Today I offer a final collection of loose thoughts on my retreat at Silverstream.
Before going I inquired of friends and acquaintances if there were any intentions they would like me to bring before Our Lord while on retreat. I was quite surprised at the amount of prayer requests that I received. “If I, being a simple, sinful layman, am asked to pray for all this, then how much more are those in the religious life solicited!”, I thought to myself. These requests brought to my mind another aspect of the communion of the saints which I normally don’t associate too much with the concept – the communion of those here below, in the Church Militant – and the power of intercessory prayer. I often tend to forget that if any prayer I offer is efficacious, it is not on any of my own merits, but on account of my participation through Baptism in the Death, Resurrection and Ascension of Our Lord.
As I came before the Eucharistic Face, bringing Him all these pleas, enjoining to them my own prayers, I was reminded of what I once heard from an anchorite: that a man at prayer is an awesome and terrible thing to contemplate. At that moment I was, in a sense, an icon of all those who had entrusted me to “deliver” their prayers. How could the crushing weight of such a responsibility not bear down upon me? How could I not be reminded of my unworthiness, of my failings, of my sins? How could I not think of my need for conversion of life? There, before His burning sacramental gaze, I felt small, humbled, speechless. Carried away by this feeling, the only appropriate response (when I was alone in the oratory) seemed to be to prostrate myself before the King of kings.
There were (many) times during adoration that my mind would wander, sometimes for quite a bit, until I finally realized that it was no longer present and so I would focus again on where I was, with Whom I was. These constant distractions made me wonder if I wasn’t actually wasting my time. After all, I would start off by presenting all the intentions, I would say some prayers for myself and my family, and then I was left with that feeling of my own littleness, of having nothing to say. I was not doing anything. Yet I took to heart what we had been reading in In Sinu Jesu as pertains to time before the Blessed Sacrament, so there I remained. Do not think from what I wrote above that mine is a bleak, gloomy and cold spiritual life. Though the joys of sensible consolations are now years behind me, I stayed at adoration out of fidelity. I stayed to “keep watch” with Him, to offer Him my time and my presence. I stayed to bask in the warmth of the fiery furnace of His pierced Heart, that He might slowly burn away the dross in mine. I stayed, silent, ear of the heart attentive, hoping to hear the precepts of the Master.
On the day of my arrival the Mass celebrated was that of Our Lord Jesus Christ, Supreme and Eternal High Priest. Two of the prayers from that Mass caught my attention.
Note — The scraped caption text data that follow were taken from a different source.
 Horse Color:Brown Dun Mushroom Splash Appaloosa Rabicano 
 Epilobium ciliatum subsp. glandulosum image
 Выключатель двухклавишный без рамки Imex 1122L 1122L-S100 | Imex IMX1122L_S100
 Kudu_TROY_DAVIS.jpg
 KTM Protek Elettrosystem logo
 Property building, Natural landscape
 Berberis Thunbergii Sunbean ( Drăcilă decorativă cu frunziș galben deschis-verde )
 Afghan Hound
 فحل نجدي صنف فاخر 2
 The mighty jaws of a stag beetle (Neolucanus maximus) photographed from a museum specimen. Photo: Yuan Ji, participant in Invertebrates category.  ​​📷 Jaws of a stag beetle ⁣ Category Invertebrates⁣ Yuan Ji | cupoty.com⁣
The Collect for this votive Mass is:
O God, who for the glory of Thy Majesty and the salvation of the human race, didst establish Thine only begotten Son as the supreme and eternal Priest: grant that those He has chosen to dispense His mysteries may prove loyal in carrying out the ministry they have received. Through the same Jesus Christ[…]
Now here is a prayer to pray for our priests, especially in these troubled times. The prayer, in good Latin fashion, is quite to the point. It reminds us that it is Jesus who chooses His priests, that vocations really are callings – His calling. With a vocation, the initiative belongs to the Lord; we simply respond (or not) to it. In the case of the priesthood, this prayer shows us that He chooses His priests just as He chose the Apostles, to be His ministers. The prayer displays its “Roman realism”: it dispels any notions of automatic impeccability for those who enter into the religious/clerical life. If the prayer asks God to grant that His priests may be faithful, it is implied that there is a chance they may be unfaithful. One need look no further than one of the Twelve whom Our Lord called before His Passion, Judas Iscariot. He calls, but grace must be cooperated with. Without Him we can do nothing. What has recently transpired is proof of this.
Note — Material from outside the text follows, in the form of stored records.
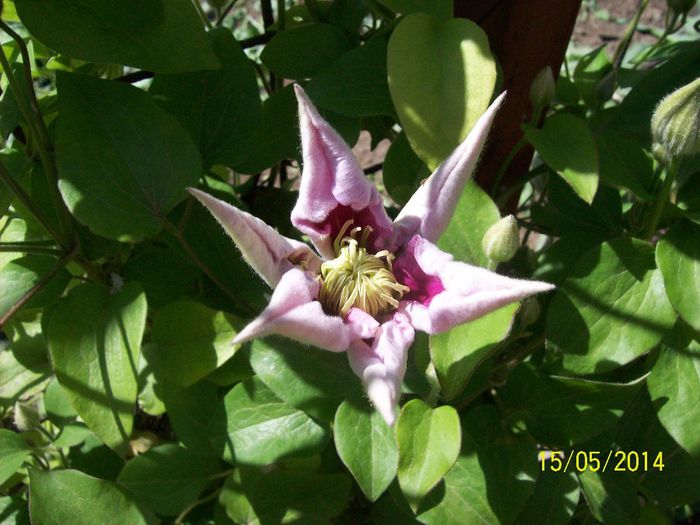 clematita Piilu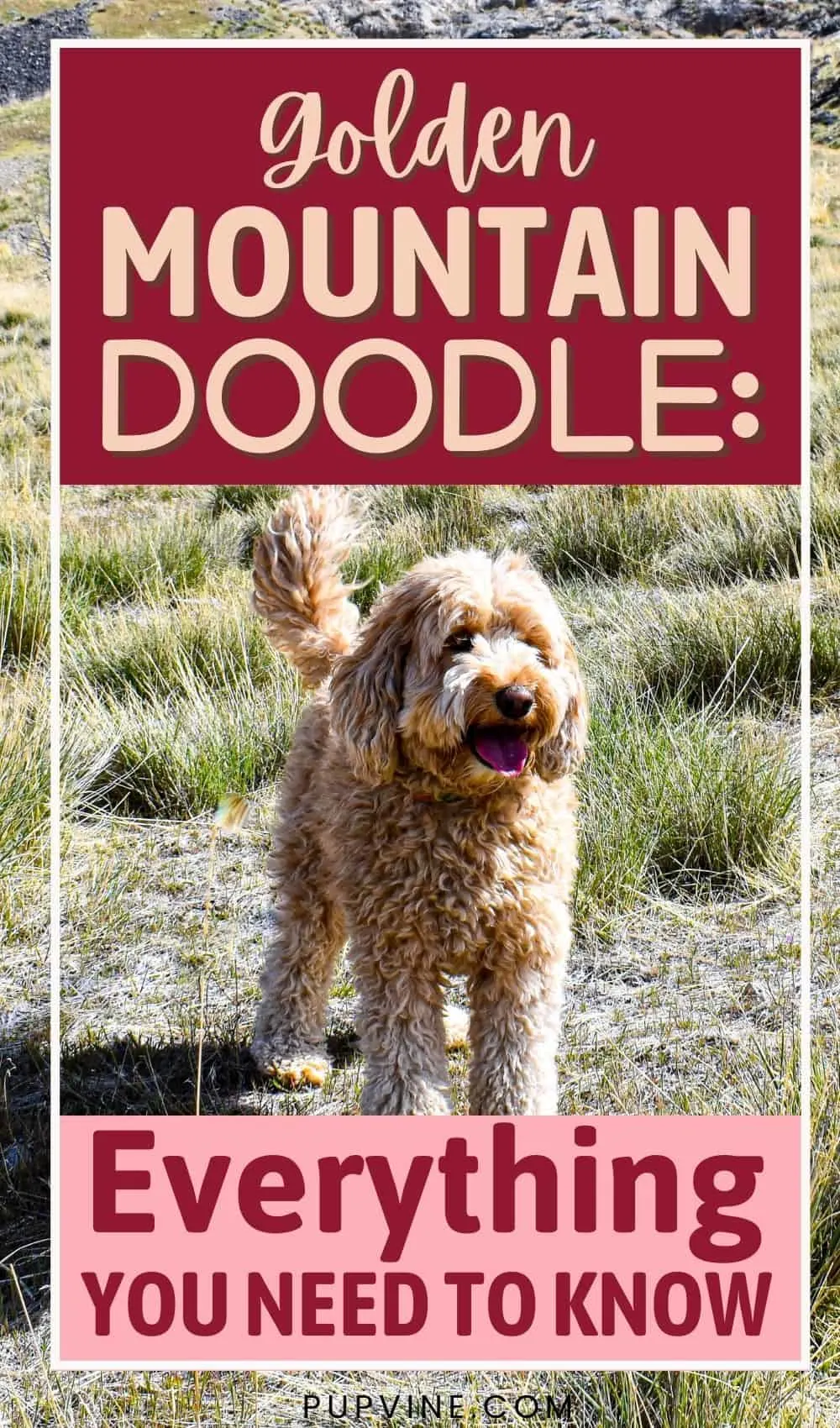 Golden Mountain Doodle Everything You Need To Know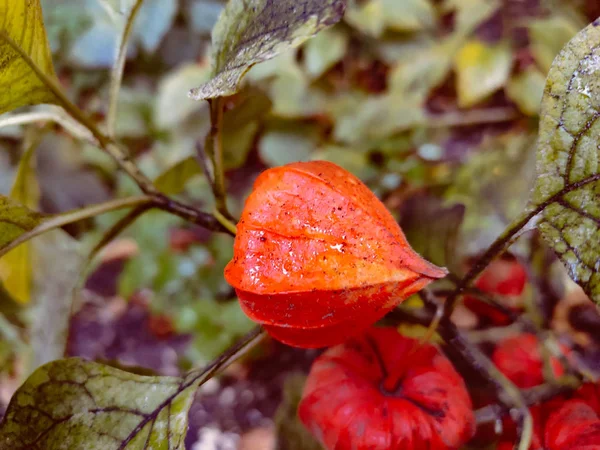 Physalis sonbahar portakal bitkisi 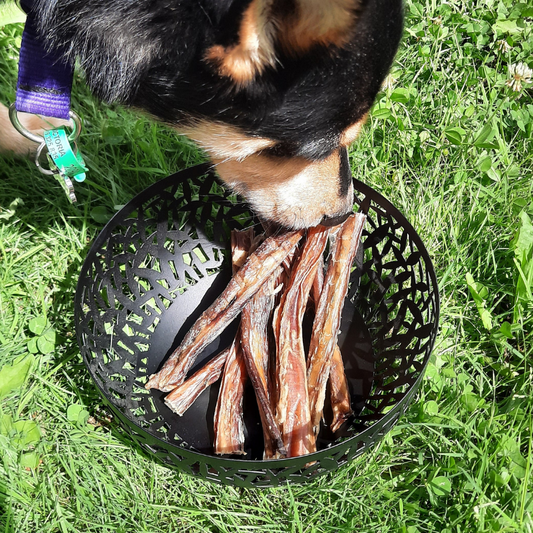 Bully Stick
The Secret has this to say to us:
O Lord, may our Mediator Jesus Christ make these offerings agreeable to Thee: and along with Himself may He offer us to Thee as a thank-offering: Who with Thee liveth[…]
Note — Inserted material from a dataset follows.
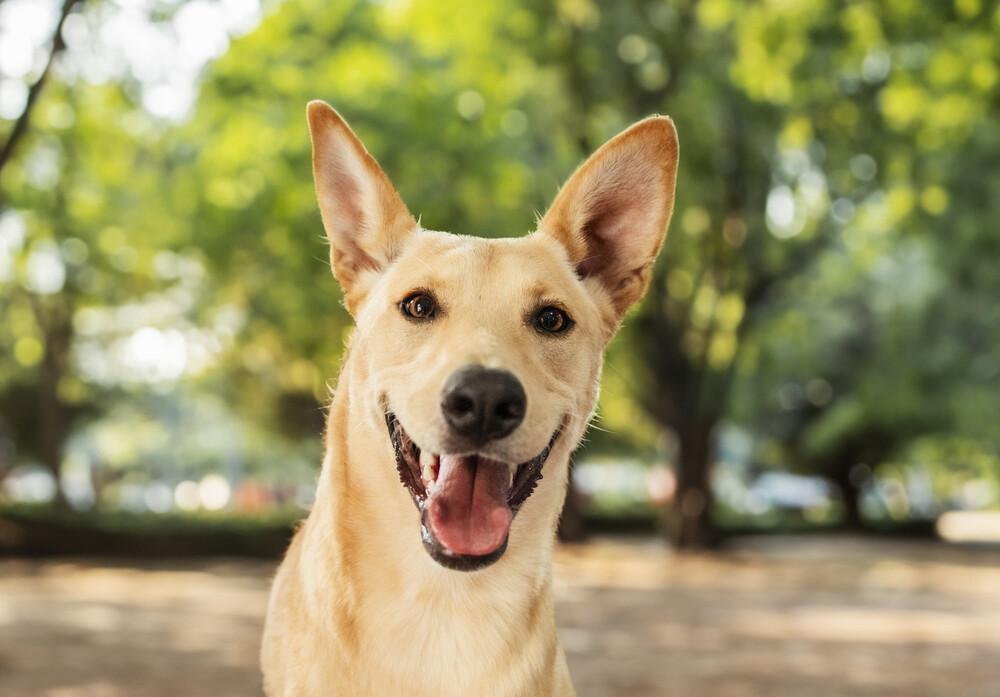 AKIRA, a Adoptable mixed breed in Langley, BC image 2/6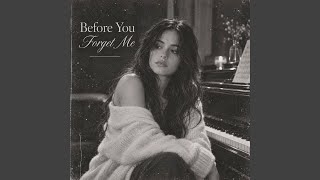 Before You Forget Me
The Latin speaks of offering us as “hostias” – victims – along with the Pure, Holy and Immaculate Host. How often do we go to Mass failing to realize that we go to offer ourselves upon the altar; that, just as wine and bread are transformed upon the altar into the Body and Blood of Our Lord, so we too are there to be transformed? A monk once shared the following reflection with me: the moral law is, in a sense, for “ritual purity”. We are homo liturgicus – we were made for liturgy. We follow the moral law so that we can “stand in the house of the Lord, in the courts of the house of our God.” Will we offer ourselves an impure, unholy and maculate host?
We are offering ourselves, mediated by the priest, per ipsum, et cum ipso et in ispo. Even in the Mass, making the words of the Canon our own, we are searching for the face of the Lord, hoping that He will look upon us as favourable offerings:
Upon which vouchsafe to look with a propitious and serene countenance,[…]
Our lives, be we laymen or religious, is a constant seeking of the Face of the Lord. We seek His Face so that we may one day speak to Him as friends do. We ask Him to convert us, to turn our face to His, so that we may be saved.